Expired federal tax credits for the wind industry are in front of Congress again, but the political future for the long-standing subsidies is anything but safe, according to a new report.
Experts at Capital Alpha Partners, one of a burgeoning group of research firms that provides political intelligence for investors, wrote last week that the appetite on Capitol Hill for continuing the wind energy production tax credit (PTC) is declining.
In a report obtained by the Washington Free Beacon, Capital Alpha writes that a combination of flagging political will and changing market environments could signal the decline, and possibly the end, of the two-decades-old tax credit for the wind industry.
“There comes a time when subsidies which are popular to start with become less popular as conditions change,” the report says. “The wind PTC may be reaching that point—not just because some in Congress are losing patience with the so-called tax extenders, but also because fundamental market conditions are putting the traditional utility model under stress.”
Congress first enacted the wind energy PTC in 1992, and has renewed it seven times since, but the tax credit has faced increasing resistance from fiscal hawks and competing energy interests, who say the wind industry is mature enough to take off the federal training wheels.
The wind PTC expired for one day in 2013 before Congress revived it in a one-year extension.
It expired again this year, but on April 3, the Senate Finance Committee passed an extenders package for 55 tax credits, including a two-year extension for the wind PTC.
Capital Alpha said its analysis showed only six to eight of those are core provisions of the tax code.
“Others might count a little differently,” the firm writes. “But there is wide agreement that the majority of extenders are special interest handouts, the pet political projects of a few influential members of Congress, or simply too trivial to have any impact on problems they supposedly address,” the report says.
While the majority of tax credits are non-essential, investors have traditionally—and correctly—placed faith in Congress to continue accommodating rent-seekers.
“Our investor clients have become used to the idea that all extenders are extended eventually, and that enacting the extension is purely a matter of routine, in which gridlock on unrelated topics is the only source of uncertainty and delay,” the report says.
However, Capital Alpha warns that wind energy subsidies are on the same political trajectory as ethanol mandates, which stalled in 2013 after years of steady increases.
Senate Finance chairman Ron Wyden (D., Ore.) signaled his feelings by naming the extenders package bill the Expiring Provisions Improvement Reform and Efficiency (EXPIRE) Act.
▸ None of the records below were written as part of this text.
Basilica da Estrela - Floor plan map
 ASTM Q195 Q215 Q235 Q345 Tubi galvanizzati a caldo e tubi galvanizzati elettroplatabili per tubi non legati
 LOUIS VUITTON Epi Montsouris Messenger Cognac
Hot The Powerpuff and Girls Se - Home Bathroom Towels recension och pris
The bill’s future on the Senate floor in uncertain, but if it passes, it will face even stiffer opposition in the House.
“Our sense from monitoring lobbying activity is that overall, active support from the utility industry has declined as utilities that might be interested in wind generation have either met their state mandates or have come close enough that their state utility commissions will not allow them to build more,” the report says. “Meanwhile, the active opposition has found a ready audience among Tea Party-influenced Republicans in the House of Representatives.”
Supporters of the tax credit argue it fosters job-creation and renewable energy production.
According to a report by the American Wind Energy Association (AWEA), the wind industry shrank by 30,000 jobs in 2013 because of uncertainty over the tax credit.
“Congress must act quickly to retroactively extend the PTC. Failure to do so will kill jobs and roll back progress that the nation has made to diversify its electricity portfolio,” AWEA said on its website. “Extending the PTC will foster economic security and energy diversity.”